On Fri, Sep 24, 2021 at 2:05 PM Jens Maurer <Jens.Maurer@gmx.net> wrote:
On 24/09/2021 10.17, Corentin wrote:
> Jens, Hubert.
> Are you satisfied with the added recommended practice sections, and other changes?

No.

Looking at https://isocpp.org/files/papers/D1885R8.pdf

"[ Note: The name of each enumerator of the enumeration text_encoding::id is derived from
the alias of each primary name that begins with ”cs”, as follows"

"that begins with" refers to the "primary name".

Also, the entity we're talking about here is "encoding", not really primary name.
Maybe "... derived from the corresponding alias that begins with "cs", ..."

csUnicode is renamed text_encoding::id::UCS2

"is renamed to"

or maybe better "is mapped to"

Sure

I still feel the wording contains insufficient guidance for implementers to do
the right thing.

Consider a little-endian platform with UTF-16 wchar_t. What should wide_literal()
return? UTF16 or UTF16LE ?

Now consider a big-endian platform with UCS-2 wchar_t (because they never caught
up to recent Unicode extensions). There's only UCS-2, although maybe something
like UCS2BE might be the much more appropriate choice.

Same question for UTF-32 = UCS-4 wchar_t.
Should this be UCS4 or UTF32 or UTF32BE/LE?

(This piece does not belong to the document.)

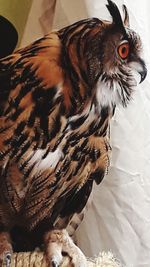 Close-up of eagle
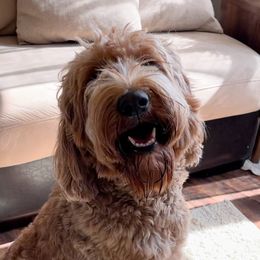 Neko - Goldendoodle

UTF-32 and UCS4 are not exactly the same thing, even if in practice they are (UTF-32 makes codepoints over 0x10FFFF invalid),
and in practice everybody uses and expects UTF-32.

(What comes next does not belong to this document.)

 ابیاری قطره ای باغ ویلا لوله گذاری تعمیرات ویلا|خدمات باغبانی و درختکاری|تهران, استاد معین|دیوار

UTF32 is an alias for either UTF32BE or UTF32LE, both are correct.
Same for UTF16/UCS2/UTF-16LE/UTF16-BE

UCS2BE is completely made up so that helps neither implementer nor users
We could add some recommendation that UTF16/UTF32 are prefered over the names that specify an endianness specifically as this is a Unicode specificity, and users will expect UTF-16
and I'm certainly willing to do so but... I'm not sure we want to describe in the standard every implementation.

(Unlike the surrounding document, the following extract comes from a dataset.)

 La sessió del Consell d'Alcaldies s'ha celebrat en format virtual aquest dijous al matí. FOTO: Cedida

If I summarize, I think people are asking for a front-matter recommended practices

We have a sentence that says

"How a text_encoding object is determined to be representative of a character encoding implemented in the translation or execution environment is implementation-defined."

We could add beneath

Recommended Practices

Implementations should prefer returning UTF-16 over UTF-16BE or UTF-16LE
Implementations should prefer returning UTF-32 over UTF-32BE or UTF-32LE
Implementations should otherwise not consider registered encodings interchangeable (Example: Shift_JIS and Windows-31J denote different encoding)
Implementations should not refer to a registered encoding to describe another similar yet different non-registered encoding, unless there is antecedent to do that on that implementation (Example: Big 5)
Implementations should not refer to an encoding specified as single-byte to refer to describe a wide encoding

Is that reasonable?

Jens